Meta's distributed stack is built around TAO — the social-graph cache layer — which serves graph reads (who-likes-what, who-friends-whom, what-comments-on-what) at billions of queries per second. TAO sits in front of a sharded MySQL data plane and exploits two facts: graph reads are vastly more frequent than writes, and stale-by-seconds answers are acceptable for nearly every read. The stack achieves this with a regional-leader pattern, single-master writes per shard, and a deliberate choice of eventual consistency that lets caches in every region serve fresh-enough data without coordinating on each read. This chapter walks through the graph data model, TAO's cache hierarchy, the regional-leader topology, and the consistency trade-offs that make the whole thing tractable.
The social graph as a data model
The first thing to understand about Meta's stack is that everything is a graph object or a graph association — and that this single representation choice cascades into every other design decision. A user is an object. A post is an object. A photo is an object. A "user X likes post Y" is an association. A "user X is friends with user Y" is an association. A "comment C is on post P" is an association. The schema for objects is sparse — different object types have different fields — but the schema for associations is uniform: a typed edge from one object to another, with a small payload and a timestamp.

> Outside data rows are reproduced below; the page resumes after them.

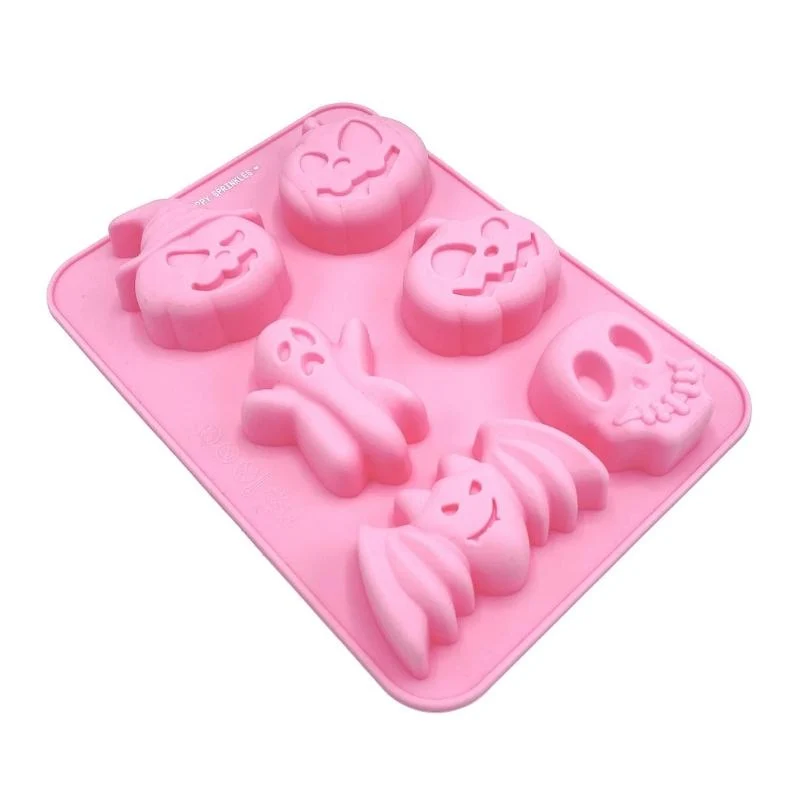 Happy Sprinkles Silikonform -Halloween- - Bilde 2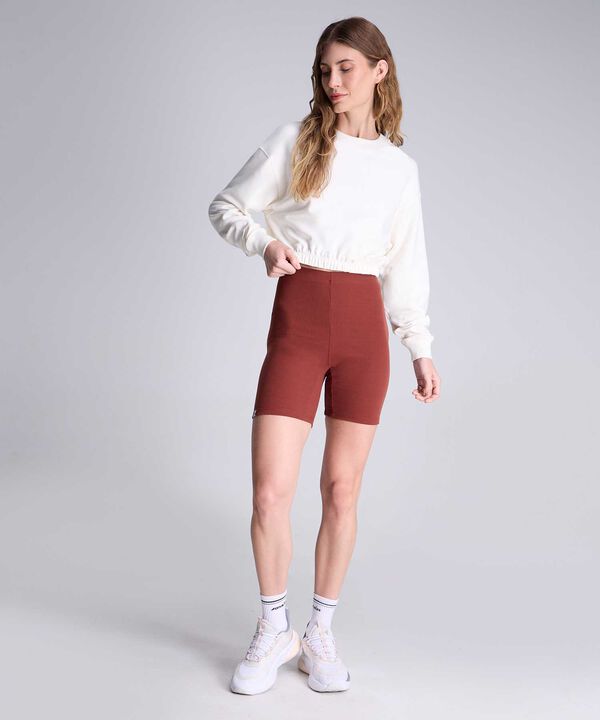 Buzo Para Mujer Marfil image number null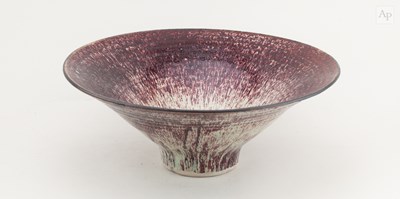 Lot 2 - ABDO NAGI (1941-2001); a large flared...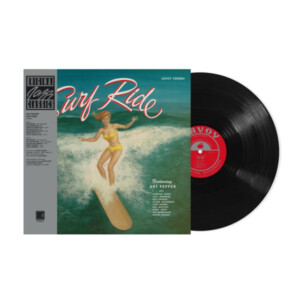 Art Pepper - Surf Ride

This uniformity is the reason TAO can be a single service that handles every kind of read. There are no per-feature caches, no per-feature query planners, no per-feature replication strategies. There is exactly one read API — assoc_range(id, type, offset, limit) and assoc_count(id, type) and obj_get(id) — and every product feature is a composition of those calls.

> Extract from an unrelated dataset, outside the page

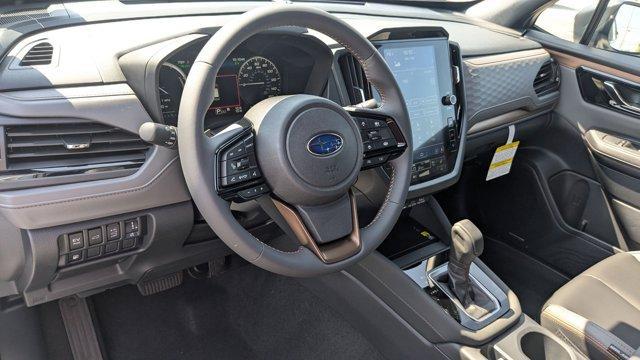new 2025 Subaru Forester Hybrid car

obj_get + assoc_range calls — which is what makes a single cache layer (TAO) sufficient for the entire product surface.Why a uniform association model beats per-feature schemas: a relational schema with friends, likes, comments as separate tables forces the application to know which table to query for which feature. Adding a new feature (say "saved posts") means adding a new table, a new query path, a new caching strategy. The graph model trades a slightly fattier per-row representation for the property that any new feature is just a new edge type — no schema migration, no new cache, no new query planner. At Meta's release cadence (multiple feature ships per week, hundreds of teams), this is the difference between a stack that scales with feature count and a stack that doesn't.
The objects and associations are stored in sharded MySQL. The shard key is the object id for objects, and the from-id of the edge for associations — which means all edges out of a given user (their friend list, their like list, their post list) sit on the same shard. This co-location is what makes assoc_range(aanya, friends, 0, 200) a single-shard query rather than a fan-out. Edges into a user (who-friended-aanya, who-liked-aanya's-photo) require a separate index and live on a different shard, but for the friends edge type — which is symmetric — Meta stores both directions to keep both queries single-shard. The asymmetry is paid for in storage; the simplicity is paid back at every read.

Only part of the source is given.